=== Section Start ===

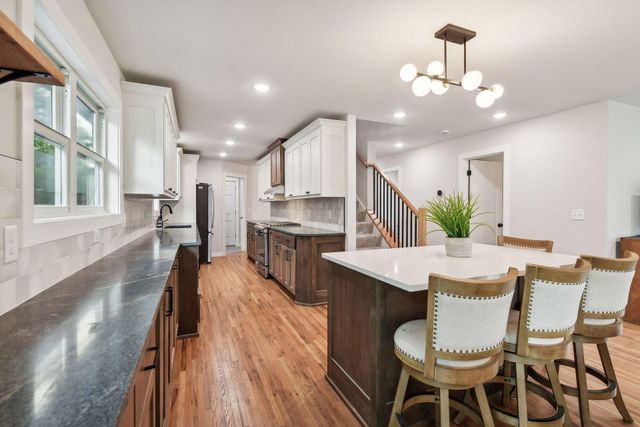 17710 13th Avenue N, Plymouth, MN 55447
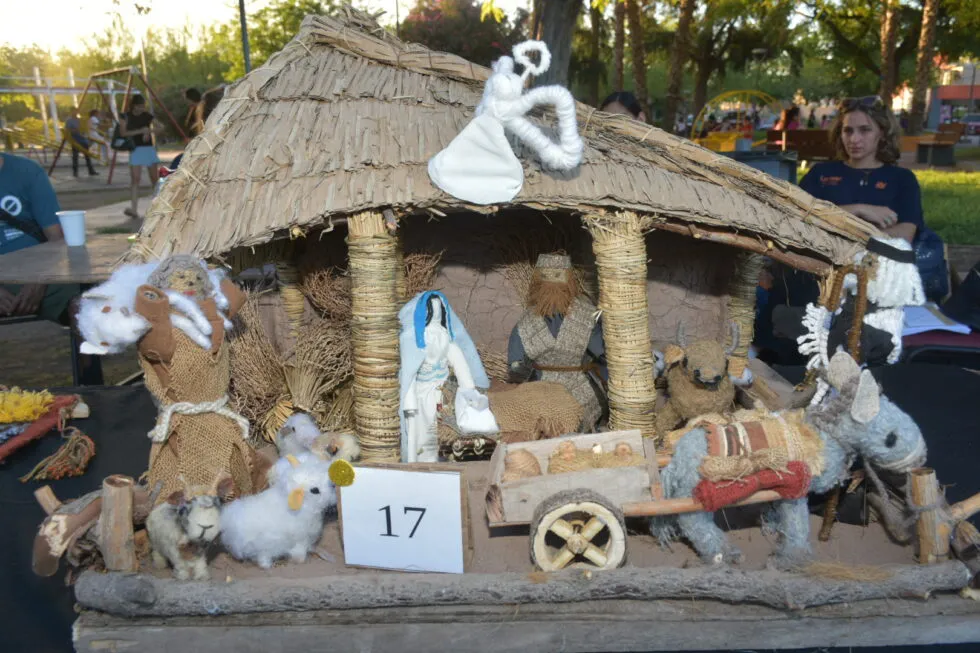 Lavalle-celebro-nueva-edicion-del-Concurso-de-Pesebres-980x653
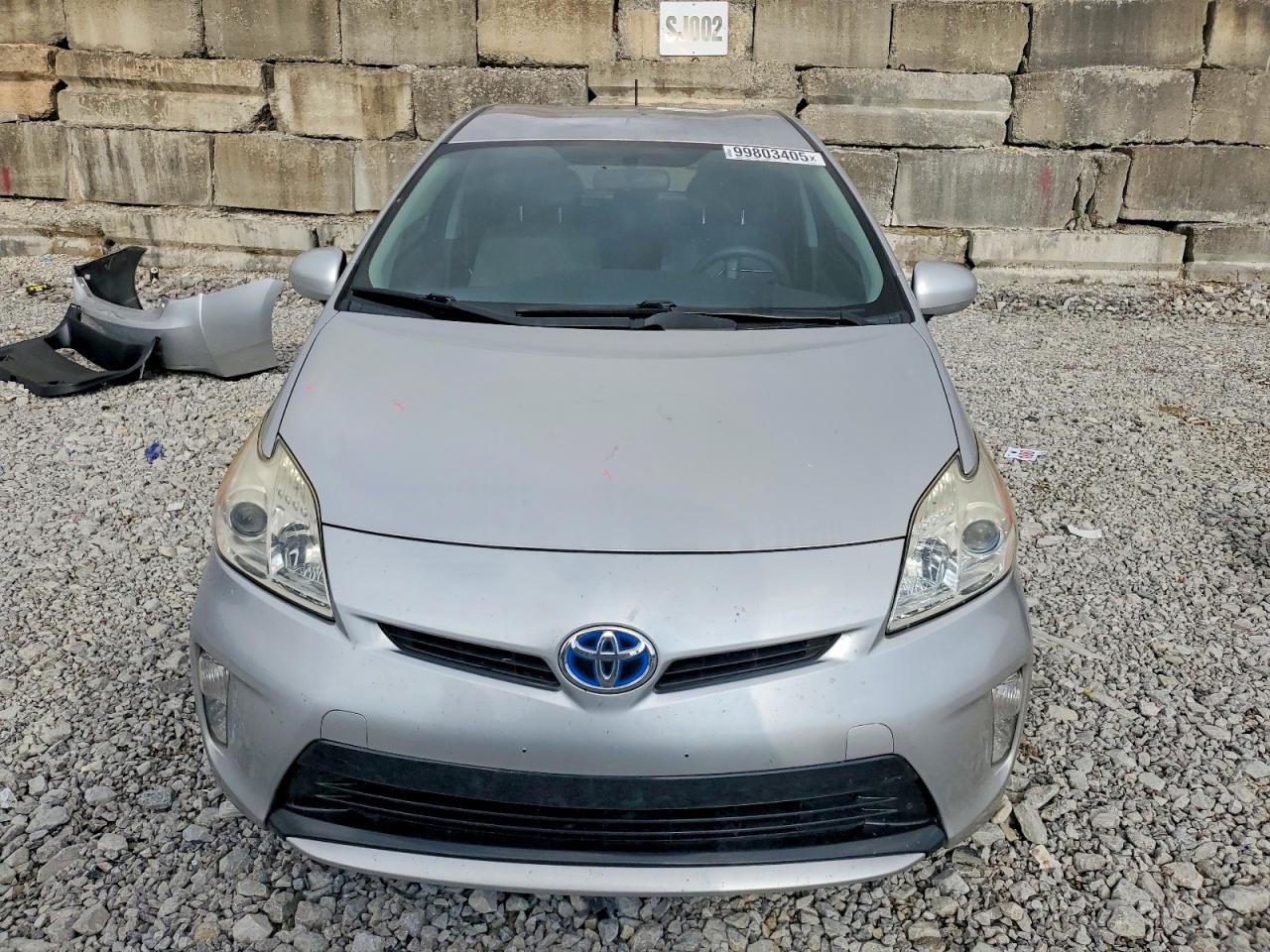 2015 TOYOTA PRIUS photo 5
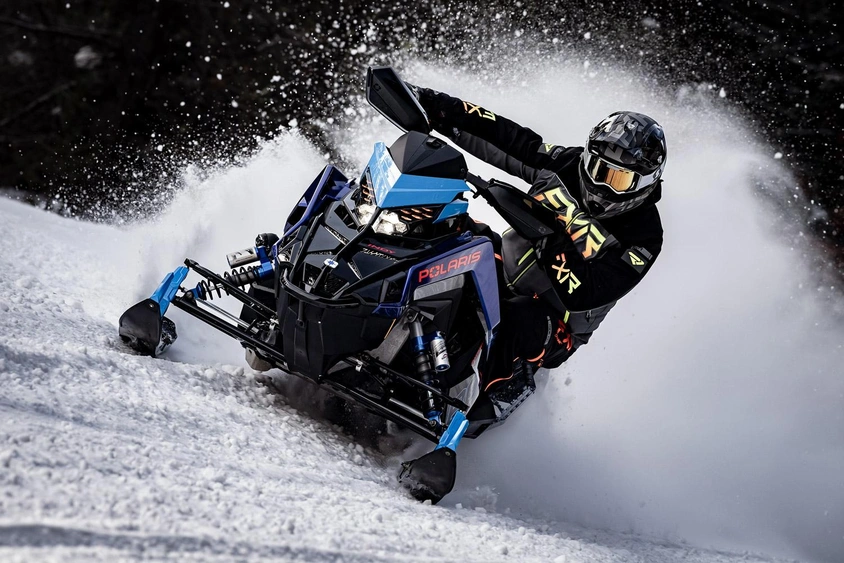 2 Stroke vs. 4 Stroke Snowmobile: Which Engine to Choose? alt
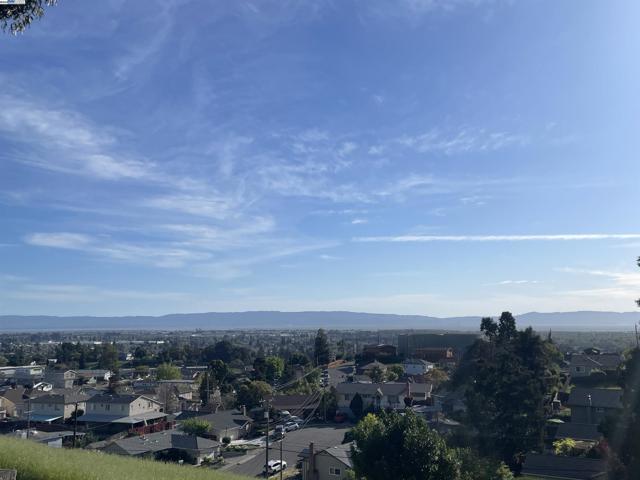 19975 JOHN DR, Castro Valley CA: https://media.crmls.org/mediaz/a9a32c72-ed18-4340-be6c-e7c5ad9a6fab.jpg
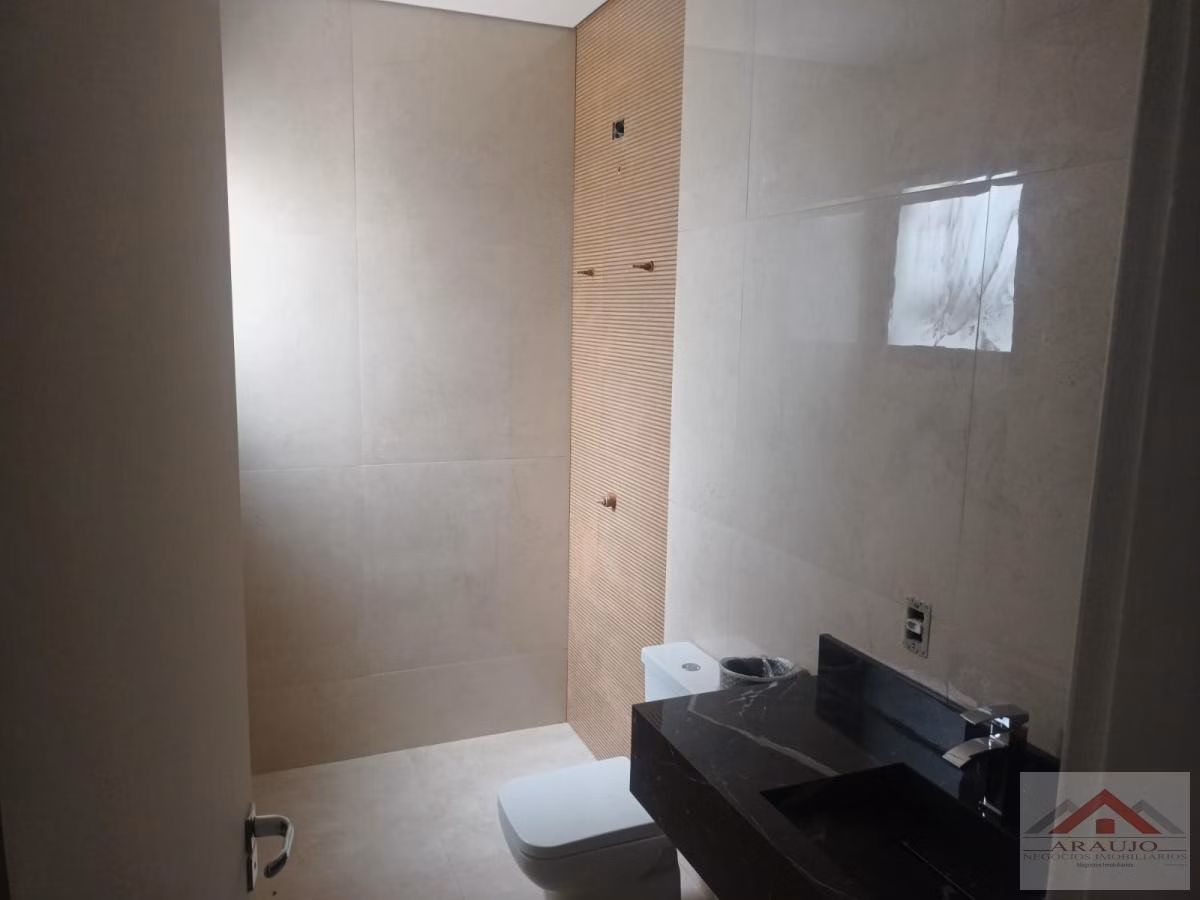 Casa de 270 m² em Hortolândia, SP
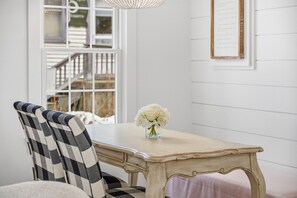 Luokittelematon kuva, 2 kautta 27, painike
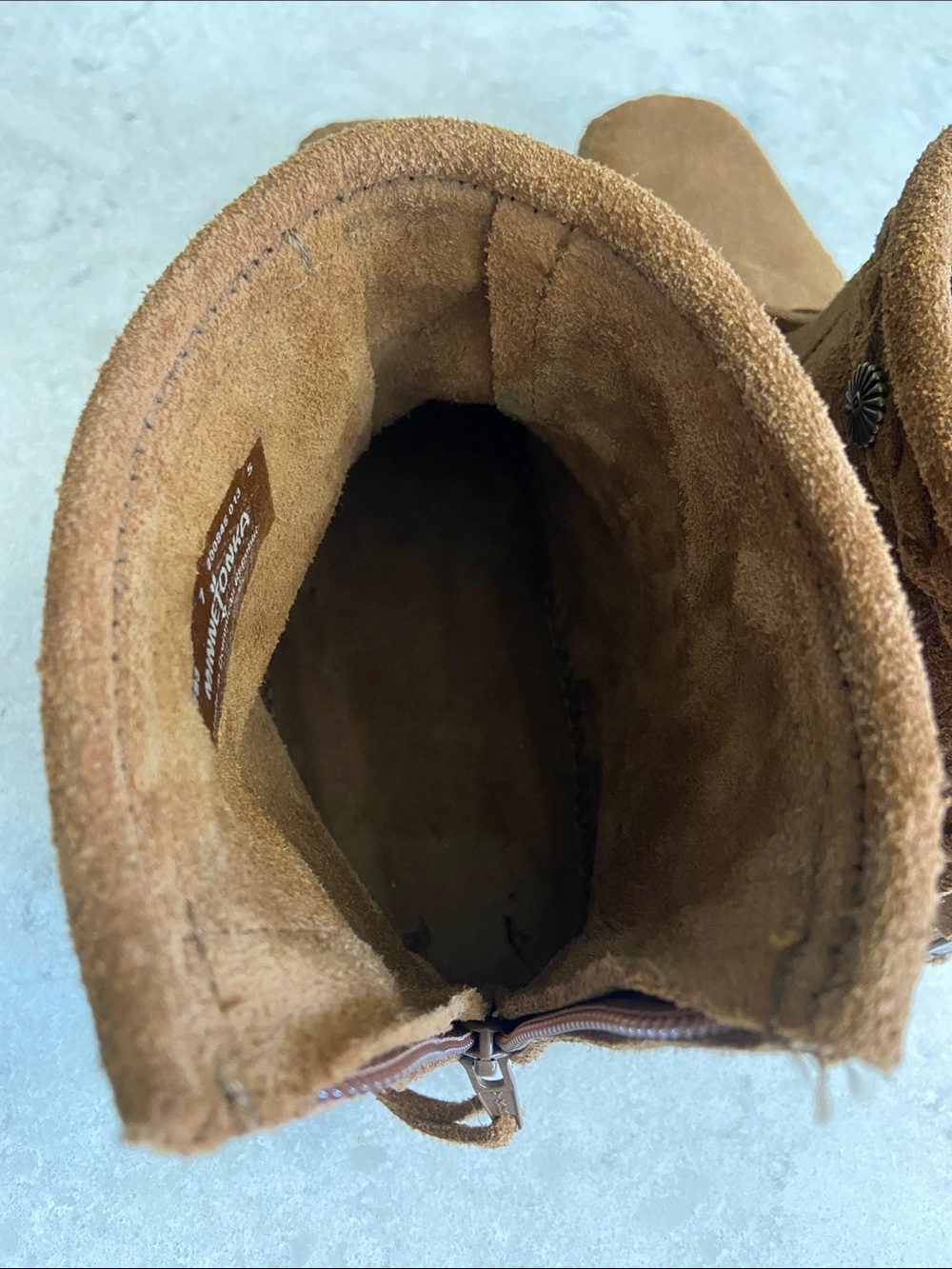 Minnetonka Suede Fringe Moccasin Booties in Chestnut Brown, size 7. Like-NEW - Picture 11 of 14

=== Section End ===

> [Activity]
Please quote exactly the run of lines that starts the entries and ends at the line containing "Luokittelematon kuva, 2 kautta 27, painike", leaving out every picture.

> [Output of the exercise]
 17710 13th Avenue N, Plymouth, MN 55447
 Lavalle-celebro-nueva-edicion-del-Concurso-de-Pesebres-980x653
 2015 TOYOTA PRIUS photo 5
 2 Stroke vs. 4 Stroke Snowmobile: Which Engine to Choose? alt
 19975 JOHN DR, Castro Valley CA: https://media.crmls.org/mediaz/a9a32c72-ed18-4340-be6c-e7c5ad9a6fab.jpg
 Casa de 270 m² em Hortolândia, SP
 Luokittelematon kuva, 2 kautta 27, painike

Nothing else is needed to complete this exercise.